§ **What to produce**: From the material below, set down exactly the lines that run from the one containing "令和版免許書_ブルー_女性" to the one containing "Il tempo passato – come passa il tempo", minus the pictures.

§ **Data for this exercise**:

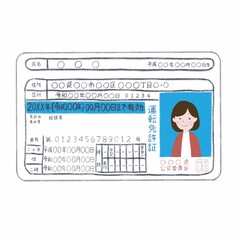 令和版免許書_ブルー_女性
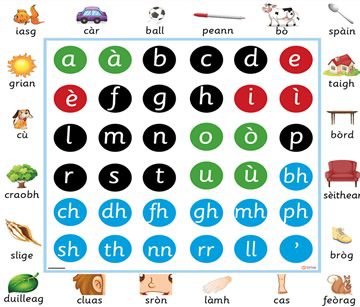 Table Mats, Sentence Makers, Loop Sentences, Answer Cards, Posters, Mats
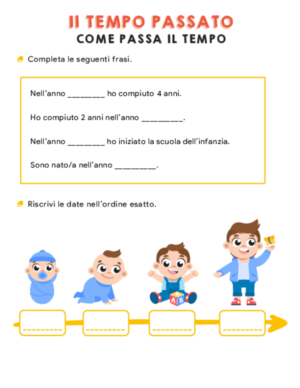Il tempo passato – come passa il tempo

...

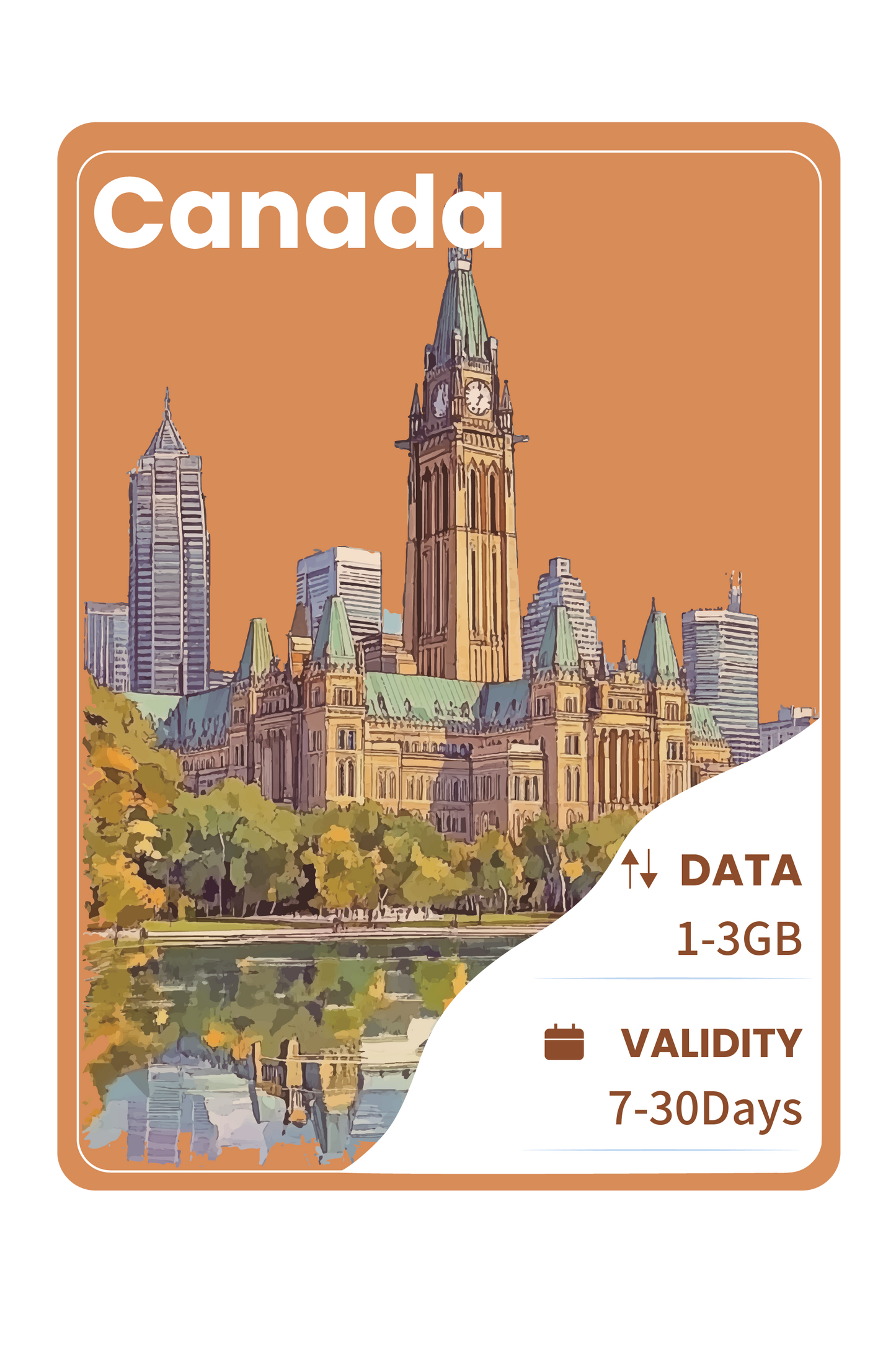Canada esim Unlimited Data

==

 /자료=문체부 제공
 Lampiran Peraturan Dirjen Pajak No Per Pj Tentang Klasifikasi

§ **Response to this exercise**:
 令和版免許書_ブルー_女性
 Table Mats, Sentence Makers, Loop Sentences, Answer Cards, Posters, Mats
Il tempo passato – come passa il tempo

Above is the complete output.